EXERCISE: Return the lines below that contain the word "bedrooms".

==== RECORDS SUPPLIED ====

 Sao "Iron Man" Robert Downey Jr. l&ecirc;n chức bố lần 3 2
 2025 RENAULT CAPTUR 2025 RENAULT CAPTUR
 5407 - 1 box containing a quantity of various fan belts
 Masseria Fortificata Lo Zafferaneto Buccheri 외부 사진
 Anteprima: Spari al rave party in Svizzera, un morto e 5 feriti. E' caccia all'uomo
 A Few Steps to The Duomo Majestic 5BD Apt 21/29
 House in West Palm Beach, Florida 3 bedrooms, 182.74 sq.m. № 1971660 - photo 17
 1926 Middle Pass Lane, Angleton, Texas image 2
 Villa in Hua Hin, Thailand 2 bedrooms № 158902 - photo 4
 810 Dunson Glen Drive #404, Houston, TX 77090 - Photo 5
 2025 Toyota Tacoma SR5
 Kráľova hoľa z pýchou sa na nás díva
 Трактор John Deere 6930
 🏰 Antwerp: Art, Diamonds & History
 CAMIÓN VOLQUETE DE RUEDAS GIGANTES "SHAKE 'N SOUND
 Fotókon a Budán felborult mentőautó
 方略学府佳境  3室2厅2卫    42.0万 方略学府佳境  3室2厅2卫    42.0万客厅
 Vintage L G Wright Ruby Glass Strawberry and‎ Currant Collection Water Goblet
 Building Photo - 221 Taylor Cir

====

SOLUTION:
 House in West Palm Beach, Florida 3 bedrooms, 182.74 sq.m. № 1971660 - photo 17
 Villa in Hua Hin, Thailand 2 bedrooms № 158902 - photo 4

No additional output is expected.